Cool heads will have to prevail here, with the union agreeing to more cutbacks in terms of healthcare coverage. Co-pay increases and deductibles for certain procedures will have to be put in place to keep costs down, while the union and the auto companies will have to work together to encourage workers to live healthier lifestyles. Why not charge smokers more for their healthcare tab? What about providing a discount to those workers who sign up for a health club membership or use personal training services? Forcing a change in an individual’s behavior by hitting them in the pocket book is the only way to effect real change.
It’s not just healthcare, however, as automakers have begun to demand work rule changes out of the union, with threats of moving production of certain products to other plants where workers would be amenable to accepting flexible work schedules and rules. The Big Three have discovered it may be beneficial to pit plant against plant in this dire age of layoffs and cutbacks. In some cases, particularly for GM and Chrysler, it may be working. Just ask workers at GM’s Fairfax Kansas City, KS, and Lordstown, OH, plants as they watched installation of new tools and equipment come to a halt after the union and GM could not agree on outsourcing and flexibility issues. Workers at Chrysler’s Sterling Heights, MI, assembly plant are keenly aware that they remain on the job as a result of work rule changes. Chrysler said it studied moving production of its Dodge Avenger, Chrysler Sebring and Sebring convertible to Mexico to save money, but that plan was averted thanks to the union membership’s decision to change work rules.
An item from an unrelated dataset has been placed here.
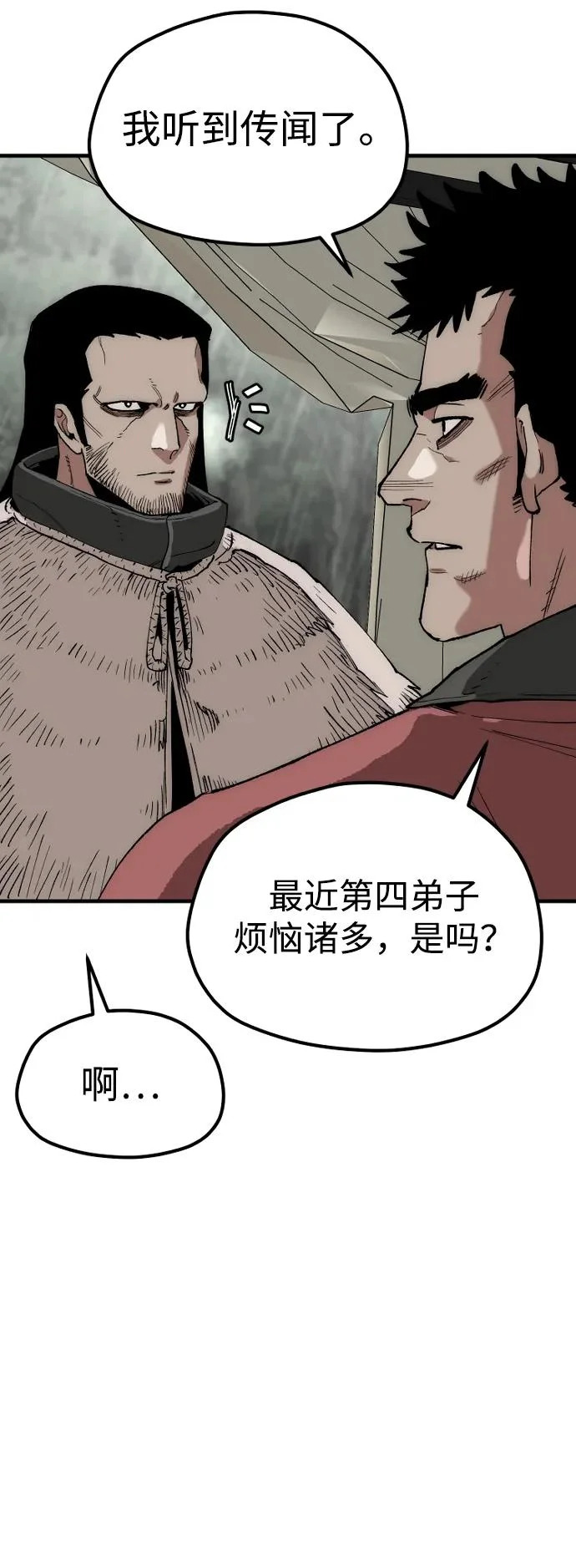 第159话 第11页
It will be imperative for the union to give some ground here, too, if they want to have a future. Making plants more flexible means job security in the long run and could send a message to foreign automakers that the union is not the roadblock to progress it has been labeled. The union has been willing to show some movement on these issues and it should continue to foster flexibility within its ranks. After all, the more skills and knowledge an employee gains, the more critical they are to the organization. And in line with this, perhaps the union should have a seat on the powerful committees that decide on future products.
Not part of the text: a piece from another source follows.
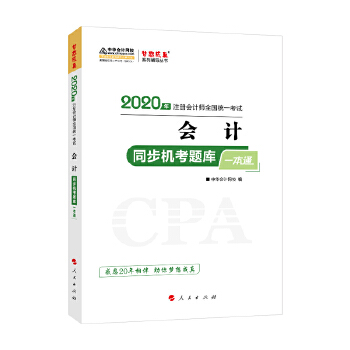 会计题库一本通(pdf+txt+epub+azw3+mobi电子书在线阅读下载)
The jobs bank—where idled workers make up to 80% of their wages without having to work—is going to be another thorny issue for both sides. This has to go, no questions asked.
Finally, the auto companies will have to provide the union with some rewards, as well. As the workers have forgone wage increases in recent years, it will be vital for automakers to provide moderate wage increases for the length of the contract, while providing more financial incentives for specific performance improvements—i.e., results in the annual Harbour Report and J.D. Power surveys. Creativity will also have to prevail on the financial-incentive discussions. One idea could be to increase tuition payments for the children of hourly workers, which could provide the auto industry with desperately needed engineering talent in the future and a sustained customer base.
The one thing the industry does not need right now is for either side to dig in their heels and refuse to budge. A walkout will result in lost jobs and maybe even lost enterprises. That would be detrimental to everyone and benefit no one. Working together is the only way the industry will survive for another 100-plus years. Without shared sacrifice, everyone might as well pack up their desks and turn the lights out.